If the final value describes a negative word length, that BFU is given zero bits. Because low frequencies are given a greater number of fixed bits, they generally need fewer variable bits to achieve the offset threshold, and become coded (see FIG. 19). To meet the required output bit rate, the global bit allocation can be raised or lowered by correspondingly raising or lowering the threshold of masking. As noted, ATRAC does not specify this, or any other arbitrary allocation algorithm.

FIG. 20 The ATRAC decoder time-frequency synthesis block contains QMF banks and MDCT transforms to synthesize and reconstruct the signal.

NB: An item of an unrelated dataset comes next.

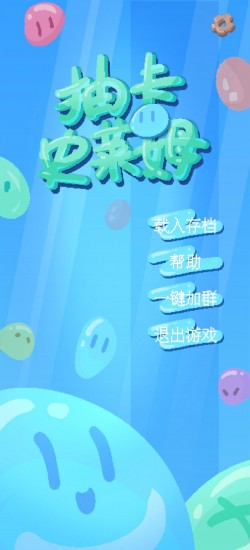 抽卡史莱姆截图0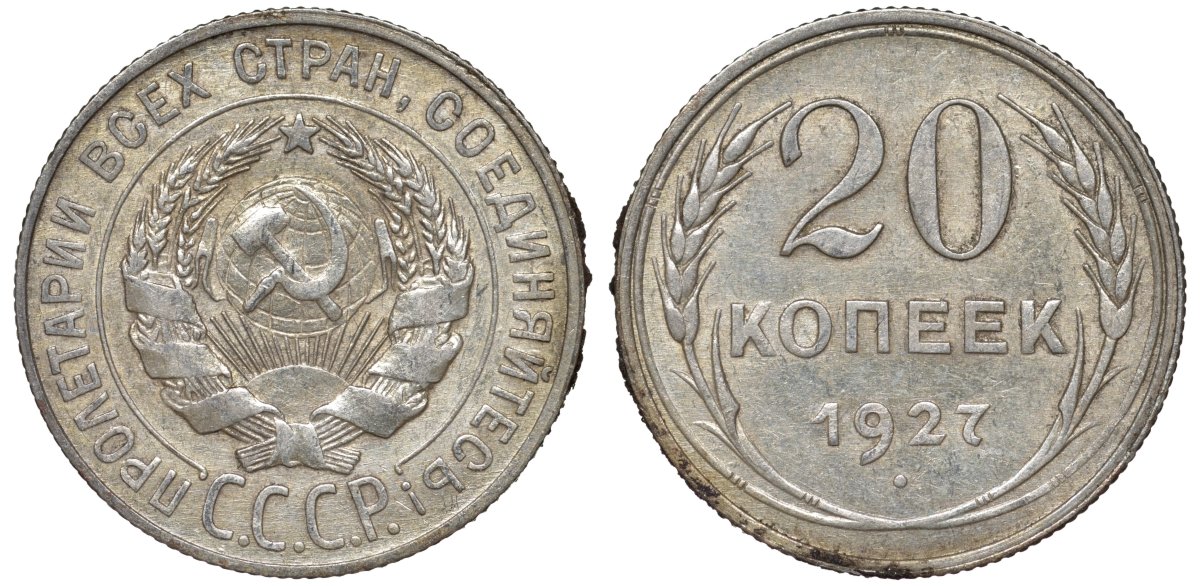 СССР 20 копеек 1927 Федорин 13 серебро 4145-134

The ATRAC decoder essentially reverses the encoding process, performing spectral reconstruction and time frequency synthesis. Time-frequency synthesis is shown in FIG. 20. The decoder first accepts the quantized spectral coefficients, and uses the word length and scale factor parameters to reconstruct the MDCT spectral coefficients. To reconstruct the audio signal, these coefficients are first transformed back into the time domain by the inverse MDCT (IMDCT), using either long or short mode blocks as specified by the received parameters. The three time-domain subband signals are synthesized into the output signal using QMF synthesis banks, obtaining a full spectrum, 16-bit digital audio signal. Wideband quantization noise introduced during encoding (to achieve data reduction) is limited to critical bands, where it is masked by signal energy in each band.

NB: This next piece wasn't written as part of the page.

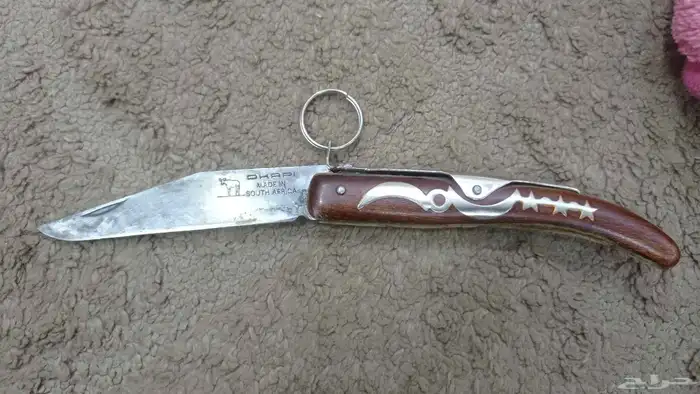 سكين 2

Other versions of ATRAC were developed. ATRAC3 achieves twice the compression of ATRAC1 while providing similar sound quality operating at bit rates such as 128 kbps. The broadband audio signal is split into four subbands using a QMF bank; the bands are 0 Hz to 2.75625 kHz, 2.75625 kHz to 5.5125 kHz, 5.5125 kHz to 11.025 kHz, and 11.025 kHz to 22.05 kHz. Gain control is applied to each band to minimize pre-echo. When a transient occurs, the amplitude of the section preceding the attack is increased. Gain is correspondingly decreased during decoding, effectively attenuating pre-echo. The subbands are applied to fixed-length MDCT with 256 components. Tonal components are subtracted from the signal and analyzed and quantized separately. Entropy coding is applied. In addition, joint stereo coding can be used adaptively for each band.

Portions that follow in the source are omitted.